Tuesday 12 April 2011

Here Comes Everybody

I've just been reading Here Comes Everybody - Clay Shirky's book on how the internet and technology is changing group dynamics. The church may not be a corporation (though Clay describes it as "just as hierarchial") but is based on people groups. As human interaction, communication and culture change, what will the church's response be?


The book's main premise (with plenty of examples) is that the convenience and reach of the internet fundamentally changes the way humans can interact in groups. At one end of the spectrum this increases the corporate efficiency, and at the other end this allows previously 'too hard' activities to become possible. As Clay puts it,
"we didn't realise how many things were [possible] because, prior to the current era, the alternative to institutional action was usually no action. Social tools provide a third alternative: action by loosely structured groups, operating without managerial direction and outside the profit motive."

Put more simply, "The internet means you don't have to convince anyone else that something is a good idea before trying it" and "since anyone can act, the ability of people in charge to kill initiatives through inaction is destroyed."
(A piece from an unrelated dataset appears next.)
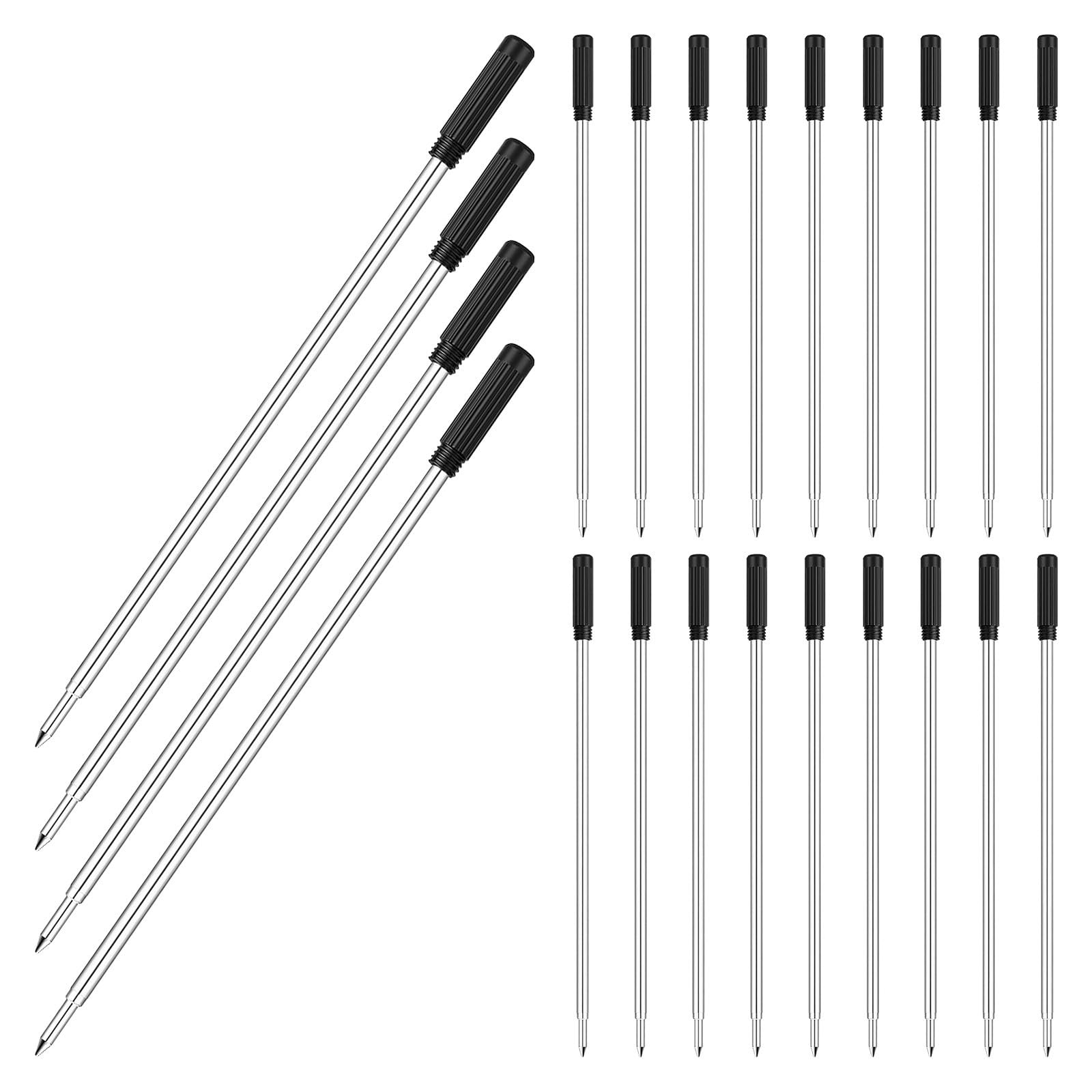 minkissy 200 Unidades Unidades de Recambios de Bolígrafo Metálicos Punta Media Tinta Negra para Escritura Suave Compatibles con Cross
This obviously means that lots of things are tried and fail. But also, a lot of things that institutions could never do are now possible. Clay makes frequent reference to Wikipedia, the largest, most comprehensive and most up-to-date encyclopedia, constructed almost entirely from volunteer effort.

Of course, it does sometimes require new thinking. Clay tells his own story about a company's closed-minded attitude to a new idea: "They didn't care if it worked in fact, because they were already sure it wouldn't work in theory." Of course, it did work and that company went slowly out of business.

This brings me to the church example cited in the book. Sadly, it's a story of the church trying to prevent a cross-parish group from forming; resisting the changes of the current age, and trying to exert authority/dominance by controlling the communication between churchgoers. Suffice to say, it didn't go well (though the same strategy had worked 10 years earlier when technology was less prevalent).

And that's one of the lessons of the book. Time moves on. It's not like a car trip, where one can pull over and stop. It's more like a paddling a kayak in a fast-moving river where "our principal challenge is not to decide where we want to go, but rather to stay upright as we go there."

But probably the best summation comes right near the end of the book. Speaking about young people "they know fewer useless things than we do". Clay expands on what he means by this:
I know that newspapers are where you get your political news and how you look for a job. I know that music comes from stores. I know that if you want to have a conversation with someone, you call them on the phone. I know that complicated things like software and encyclopedias have to be created by professionals. In the last fifteen years I've had to unlearn every one of those things and a million others, because they have stopped being true.
My question is whether the church will cling fearfully to the past, or have the courage to unlearn things that are no longer true, and embrace a new reality.